■ What you will do ■
When you transcribe the lines below, keep every word the same and leave the pictures behind.

■ Caption-style text data ■
====

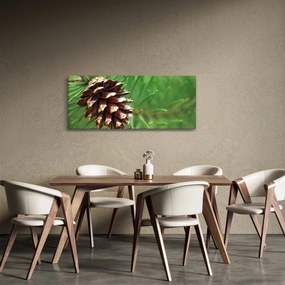 Obraz šišky (120x50 cm)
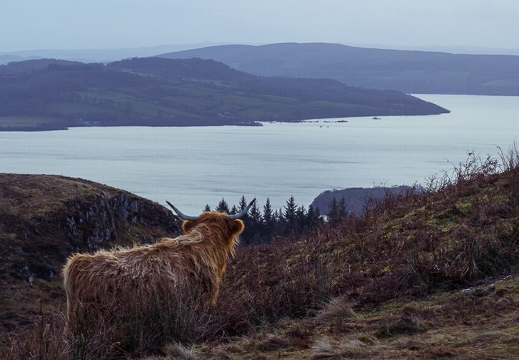 Loch Lomond from Conic Hill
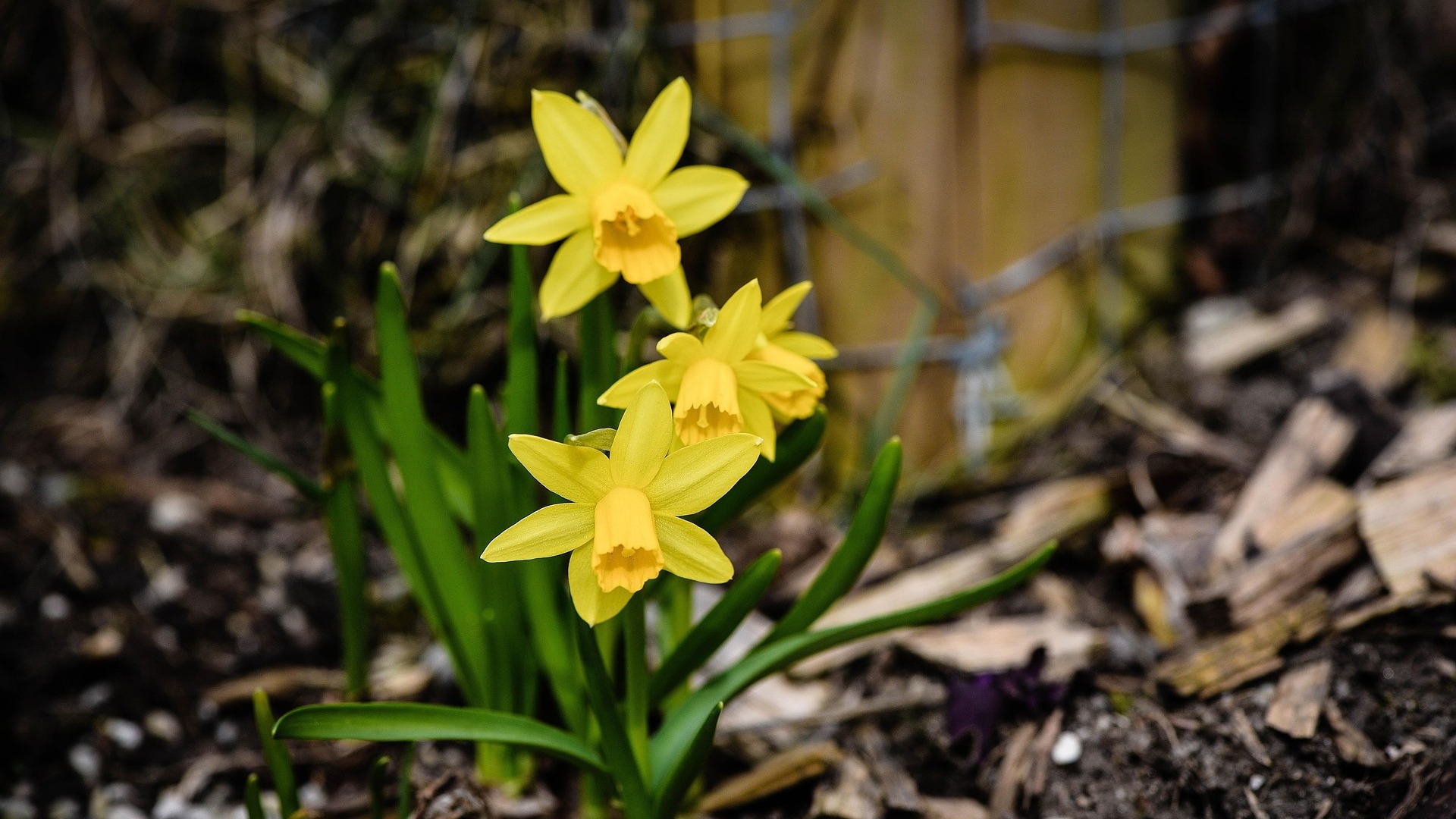 Ontdek de narcissenroute in park Vreugd en Rust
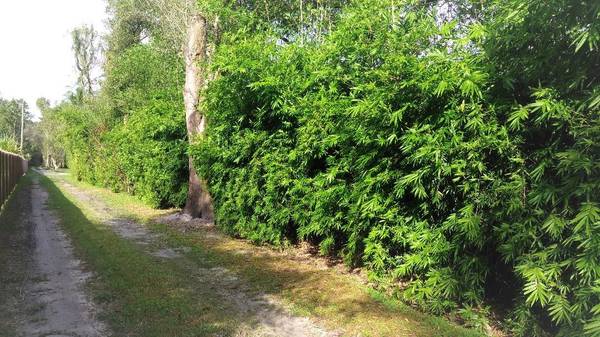 Seabreeze Bamboo Plants For Privacy Hedge, Windbreak, Shade, 7 Gallon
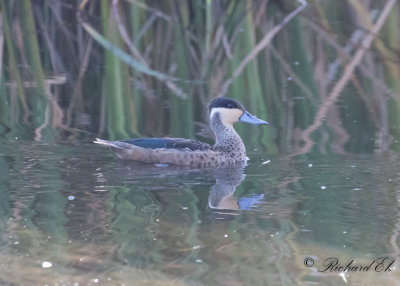 Sumpand - Hottentot Teal (Anas hottentota)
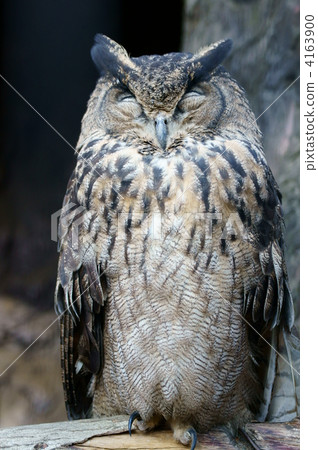 It seems to be laughing something. 4163900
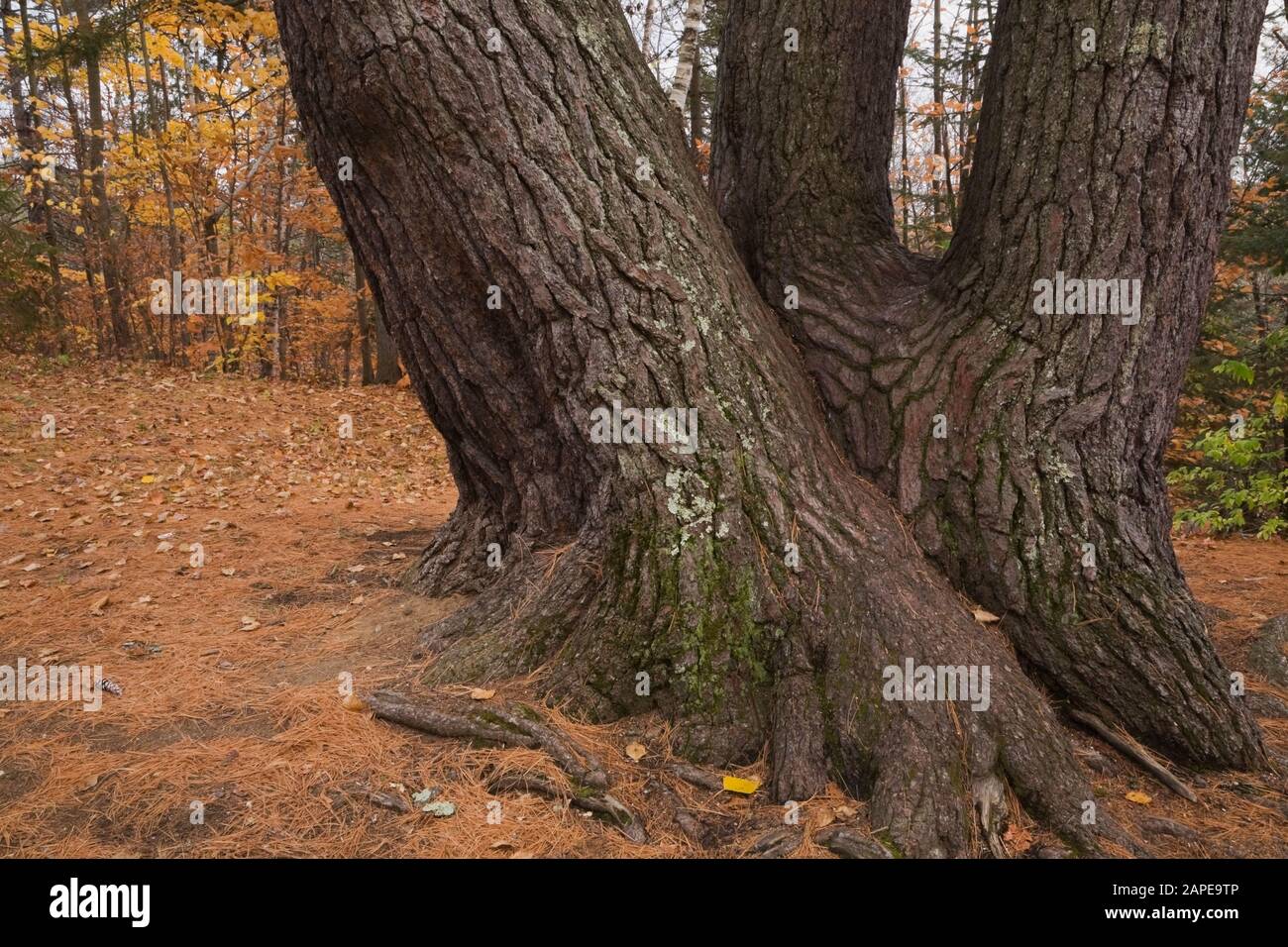 Close-up of large Pinus resinosa - Pine tree trunks spotted with green Bryophyta - Moss and lichen growth in autumn Stock Photo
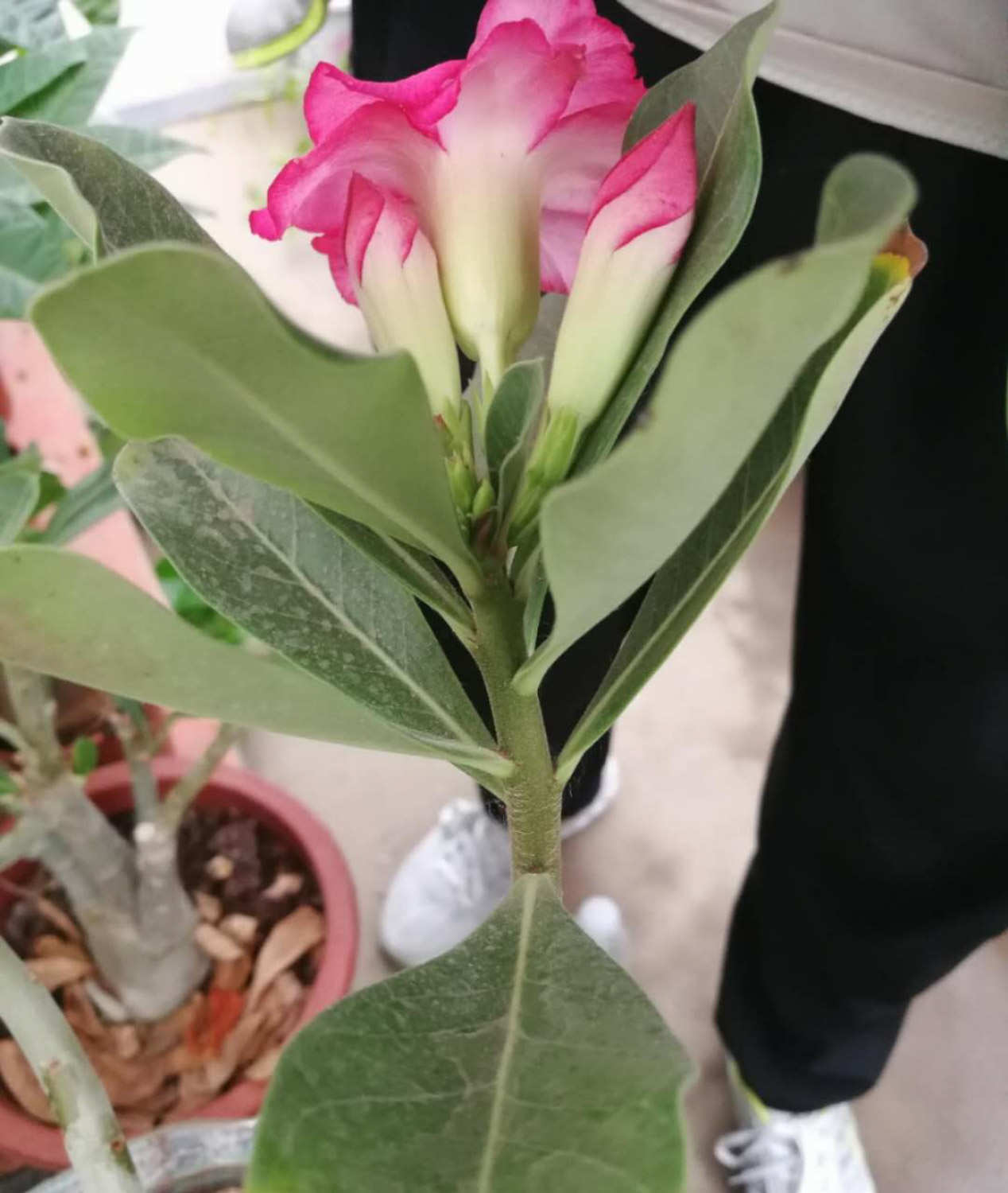 花香萦绕——飘香藤(图2)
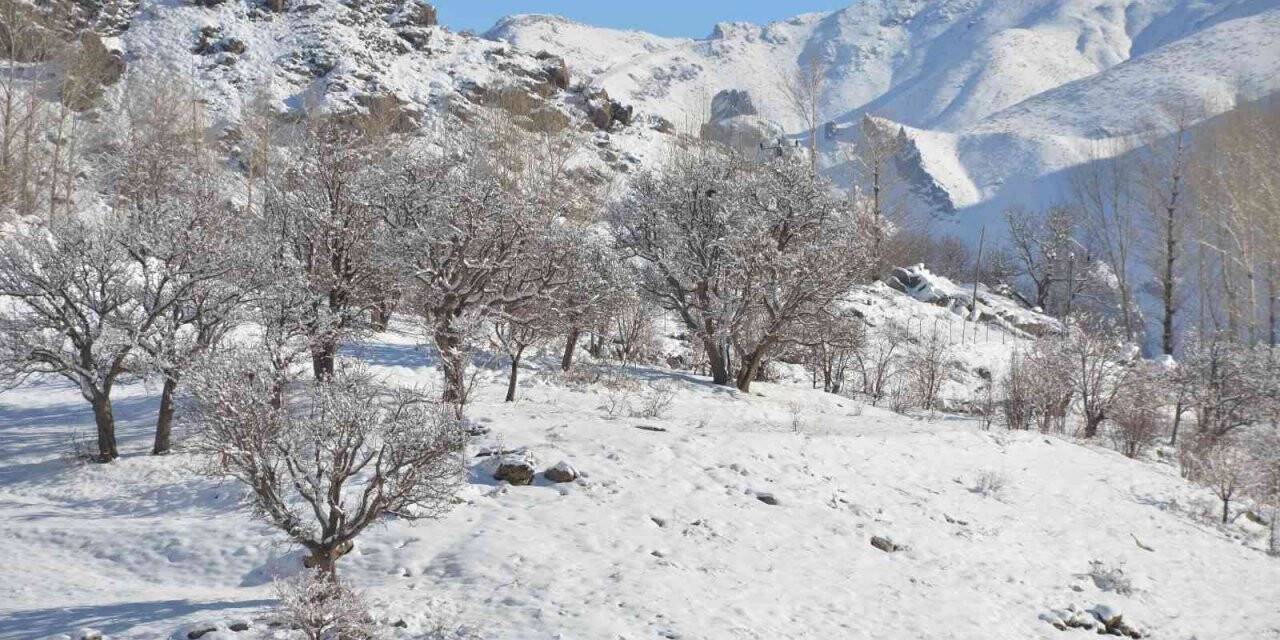 Şırnak’ta termometreler eksi 21 dereceyi gösterdi, dereler dondu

====

■ Response box ■
 Obraz šišky (120x50 cm)
 Loch Lomond from Conic Hill
 Ontdek de narcissenroute in park Vreugd en Rust
 Seabreeze Bamboo Plants For Privacy Hedge, Windbreak, Shade, 7 Gallon
 Sumpand - Hottentot Teal (Anas hottentota)
 It seems to be laughing something. 4163900
 Close-up of large Pinus resinosa - Pine tree trunks spotted with green Bryophyta - Moss and lichen growth in autumn Stock Photo
 花香萦绕——飘香藤(图2)
 Şırnak’ta termometreler eksi 21 dereceyi gösterdi, dereler dondu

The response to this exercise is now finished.